« Les Ukrainiens en sont arrivés au stade où, épuisés par un sprint, on comprend qu’il faut, en réalité, courir un marathon : la guerre sera longue »
toiUn nouveau bruit s’est ajouté à celui des sirènes d’alerte aérienne à Kiev, troublant l’apparence trompeuse d’insouciance de la capitale ukrainienne sous le soleil de juin : celui des générateurs. Effet collatéral de la guerre qui fait rage dans l’est du pays depuis près de deux ans et demi, leur bourdonnement assourdissant devient familier sur les seuils des restaurants dont les terrasses sont pleines. Parce que l’offensive russe ne cible pas uniquement les soldats dans les tranchées ou les bâtiments civils en zone urbaine ; elle détruit également méthodiquement les infrastructures énergétiques de l’Ukraine, provoquant des coupures d’électricité chroniques qui épuisent la population.
Travail de sape systématique, cette destruction, considérée en droit international comme un crime de guerre, a déjà anéanti 50 % de la capacité de production d’électricité en Ukraine et s’attaque aux infrastructures de stockage. L’objectif, selon les autorités, est de rendre les villes invivables.
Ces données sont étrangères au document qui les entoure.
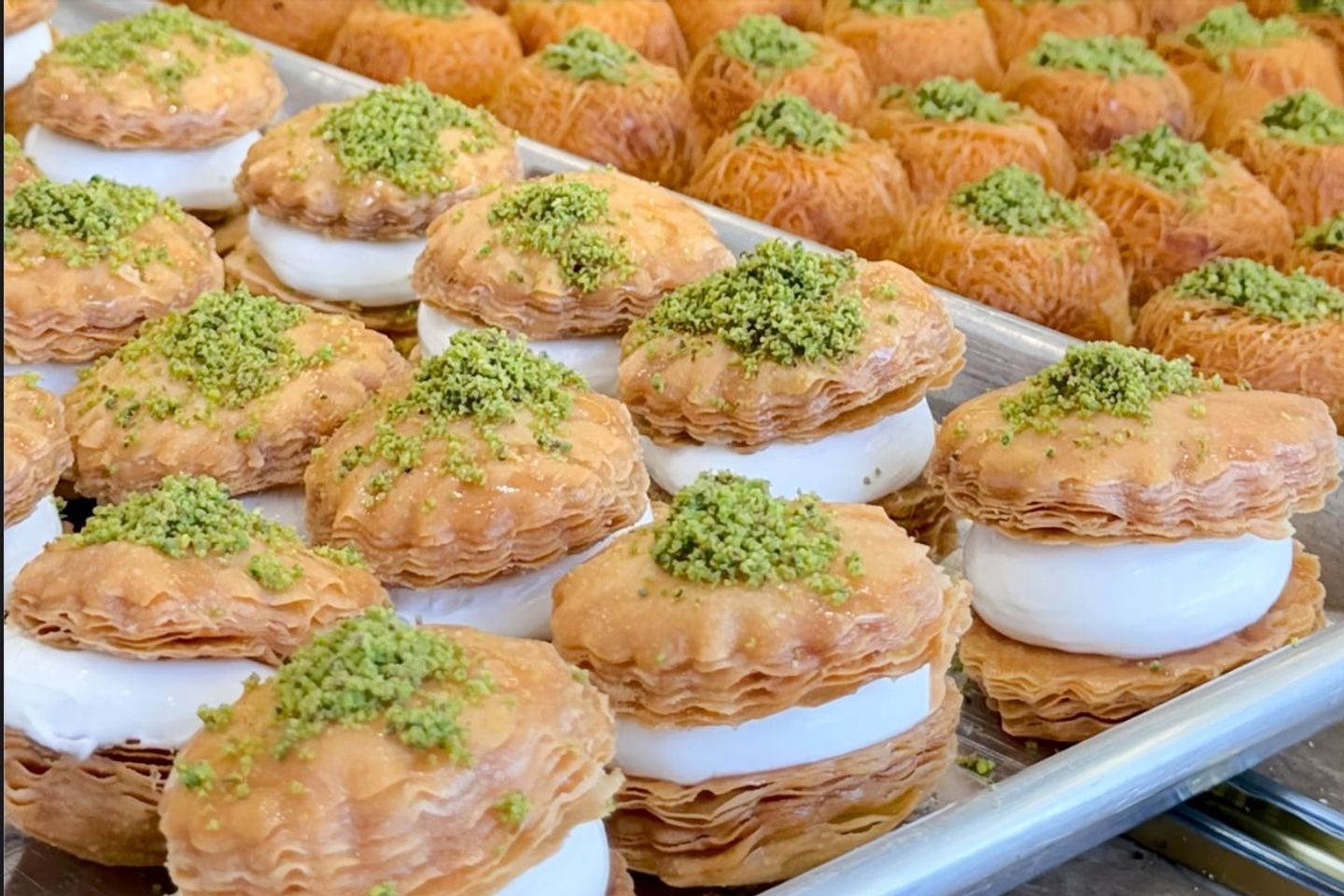 ورد الشام بالقشطة - كيلو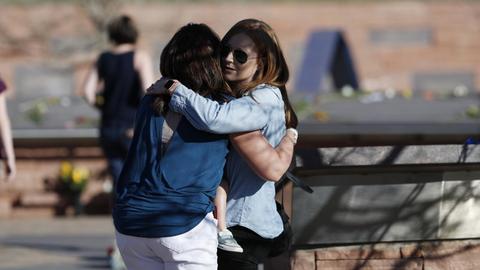 Zwei Frauen umarmen sich an der Gedenkstätte der Columbine High School in Littleton, Colorado.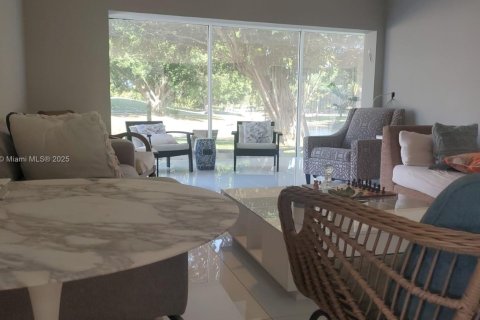 Casa en alquiler en Boca Raton, Florida, 4 dormitorios, 196.95 m2 № 1975364 - foto 3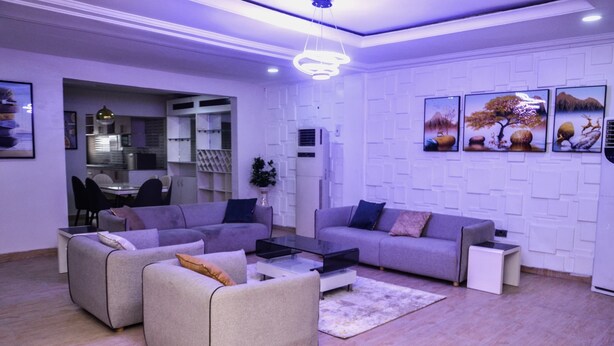 Appartamento Presidenziale, vista città | Area soggiorno | TV LED 32 pollici con canali via cavo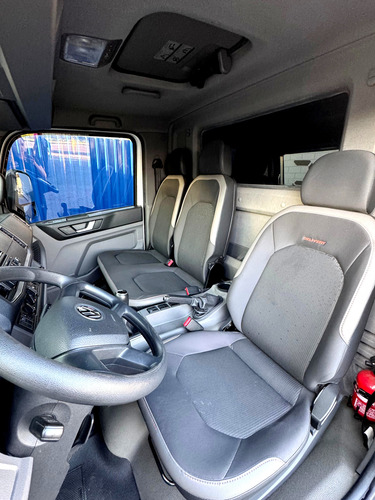Volkswagen Vw Express 2022 4x2 Baú Chapeado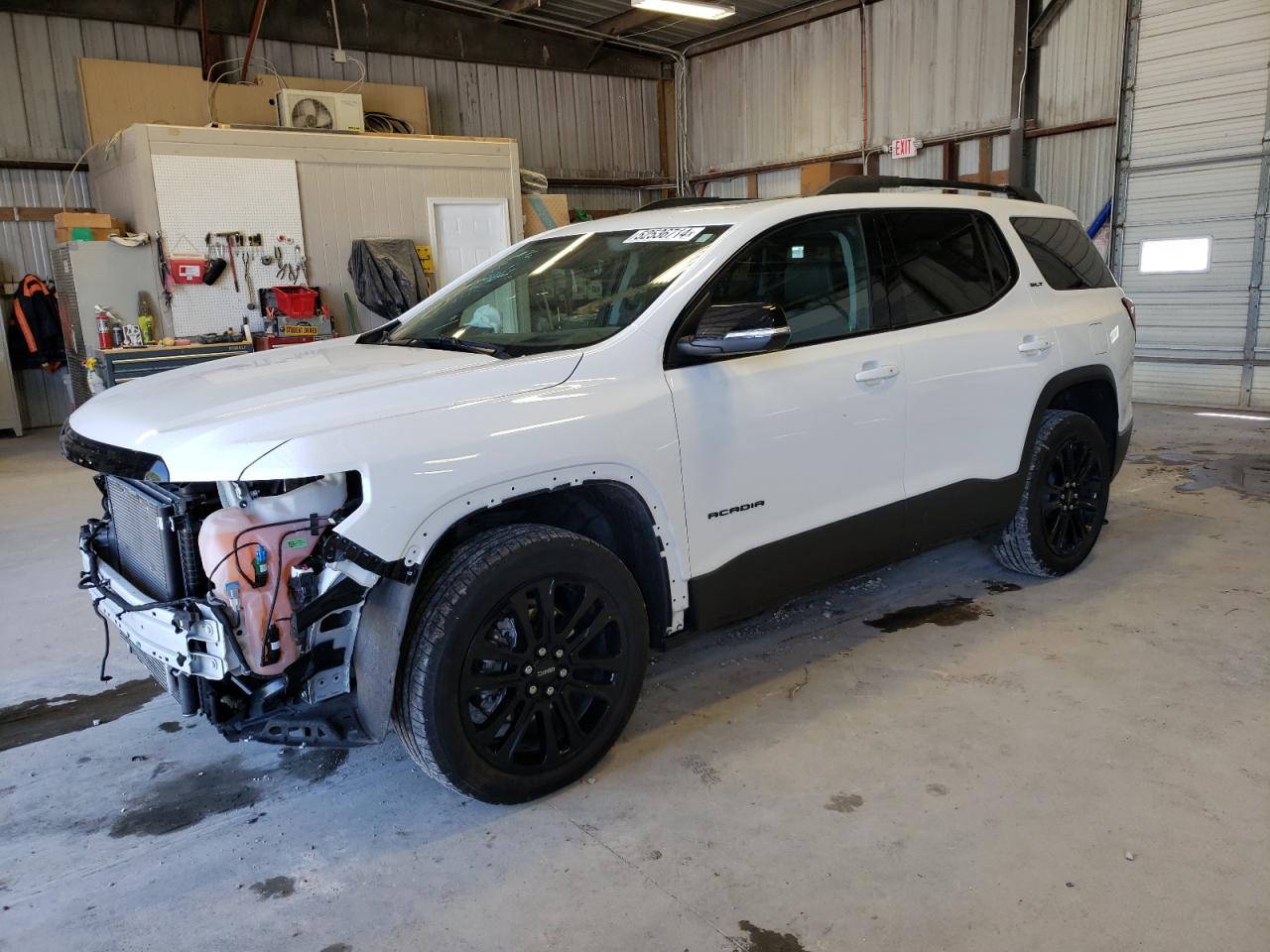 2022 GMC ACADIA SLT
Comment affronter l’hiver sans chauffage ? Kharkiv, la deuxième ville du pays, est régulièrement bombardée. « Je ne pense pas que les Russes veuillent prendre Kharkiv» commente un officier supérieur ukrainien. Ils cherchent à terroriser les gens et à les forcer à quitter les villes. »
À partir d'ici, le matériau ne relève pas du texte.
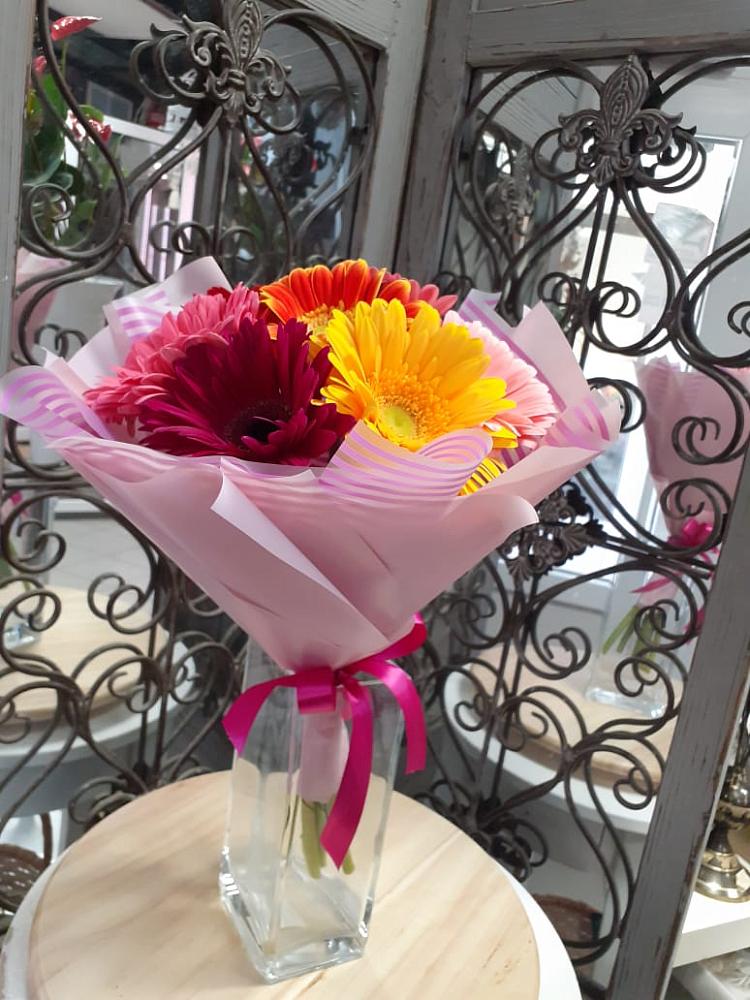 Букет цветов из: Герберы в Черное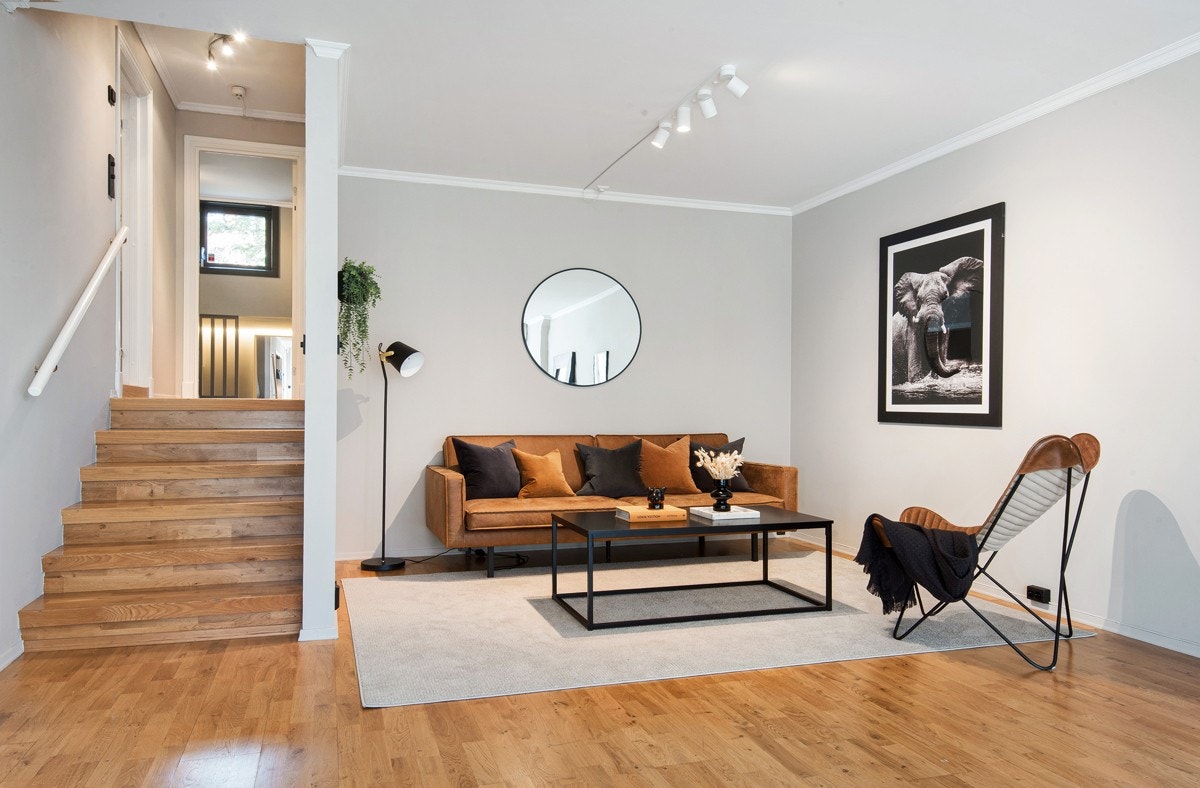 Rommet er svært møbleringsvennlig med naturlige soner for innredning. Galleribilde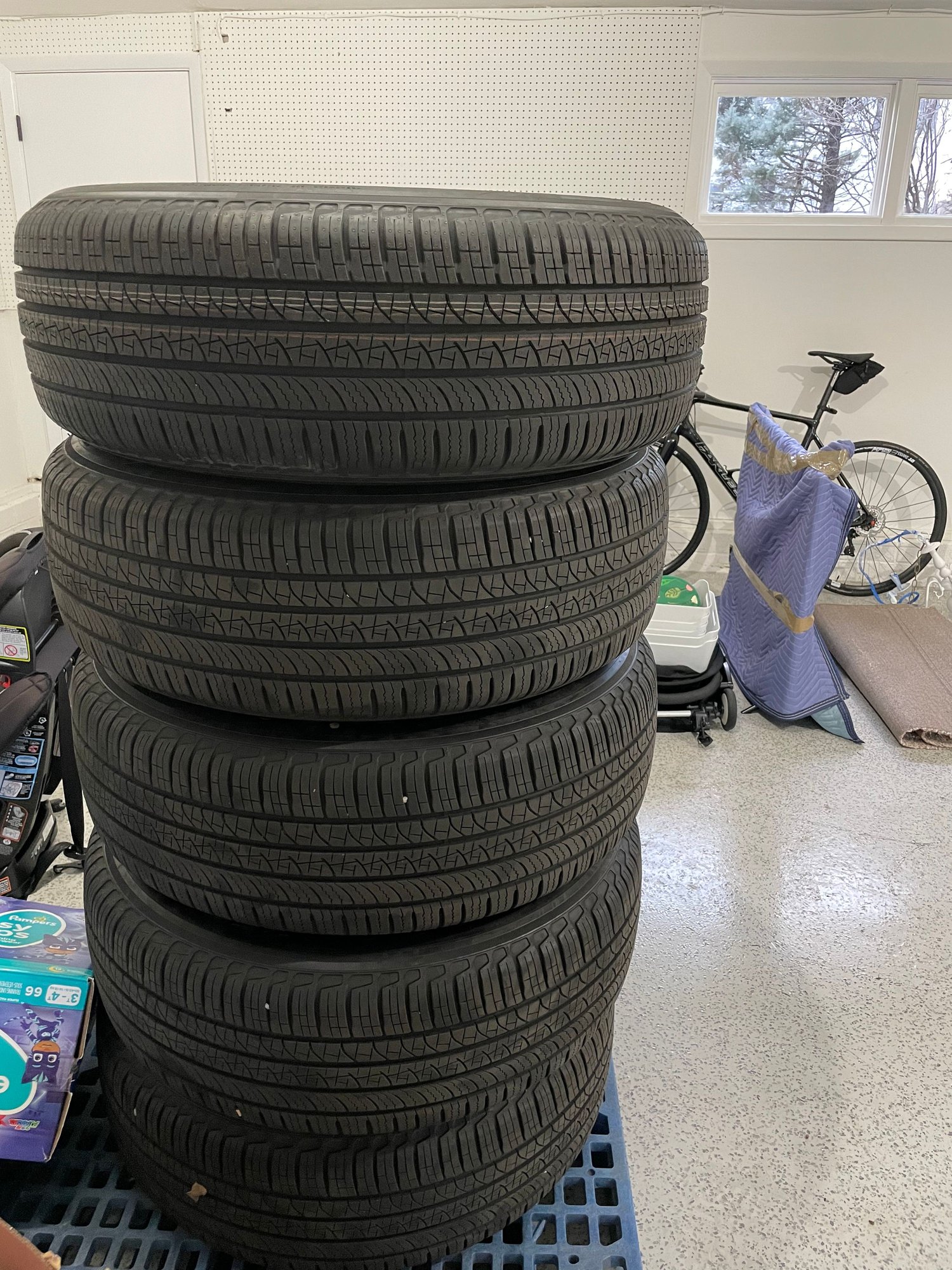 Wheels and Tires/Axles - Defender 20” wheels with tires $2500 - Used - 2020 to 2022 Land Rover Defender - Chatham, NJ 07928, United States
Recherchée par Vladimir Poutine, la guerre s’installe, à l’image des générateurs ou des cortèges de soldats en treillis accompagnant le cercueil de l’un des leurs à la chapelle Saint-Michel, un spectacle tragiquement ordinaire à Kiev. Guerre d’usure, guerre d’usure, guerre permanente, elle s’annonce longue, puisque, en revanche, en Russie, l’économie, l’armée et la société se sont réorganisées au service de cette guerre. Dans leur résistance à l’agresseur, les Ukrainiens ont atteint le stade où, épuisés par un sprint, on comprend qu’il faut, en réalité, courir un marathon. Le moment est venu de changer de logiciel, dans tous les domaines.
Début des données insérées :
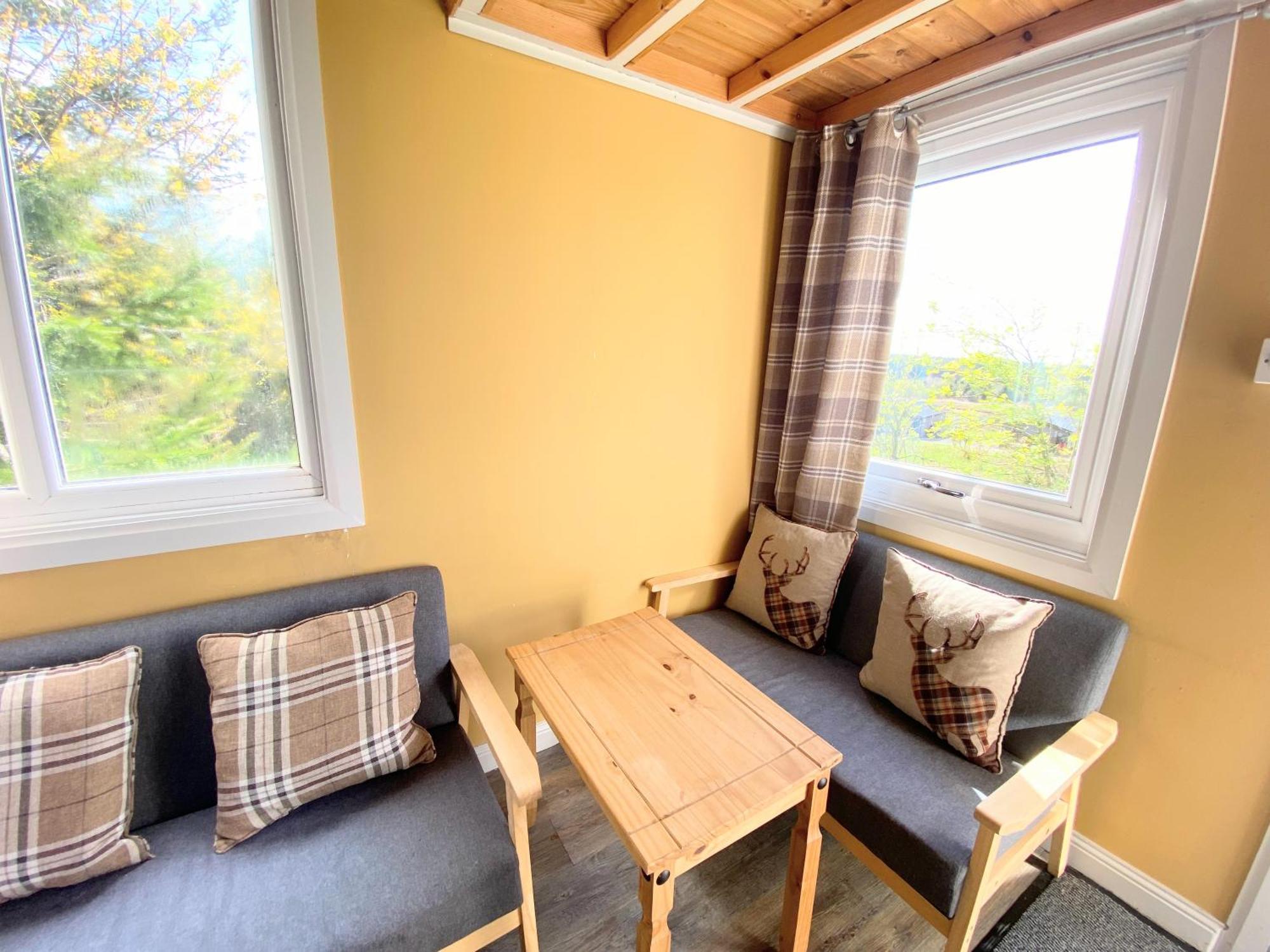Blair Tiny House With Private Hot Tub - Fife - Loch Leven - Lomond Hills Villa Dunfermline Ngoại thất bức ảnh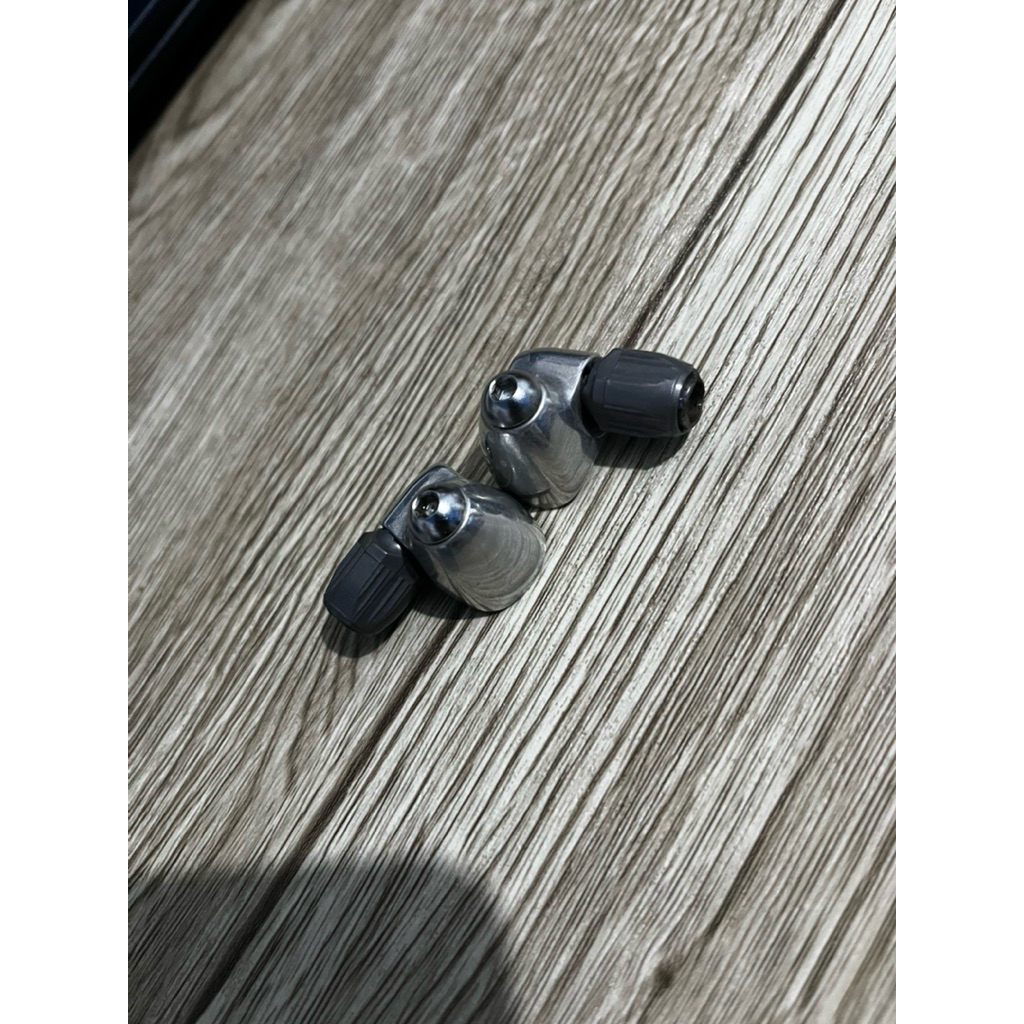 Downtube cable stopper shimano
Porter au niveau de puissance
Le domaine le plus sensible est celui de la mobilisation. Remplacer les soldats qui tiennent difficilement le front depuis 2022 et constituer la force de réserve qui fait cruellement défaut s’avère être un immense défi de société. On découvre au passage, lors d’entretiens avec des responsables civils et militaires ukrainiens organisés par l’Institut français des relations internationales et le think tank local Nouvelle Europe Centre, pour la plupart sous couvert d’anonymat, que l’idée d’accueillir sur place des instructeurs étrangers pour se former recruter est, pour eux, d’abord d’un intérêt politique : ce serait, reconnaît un officier, excellent pour le moral de la population, ainsi qu’un message à la Russie.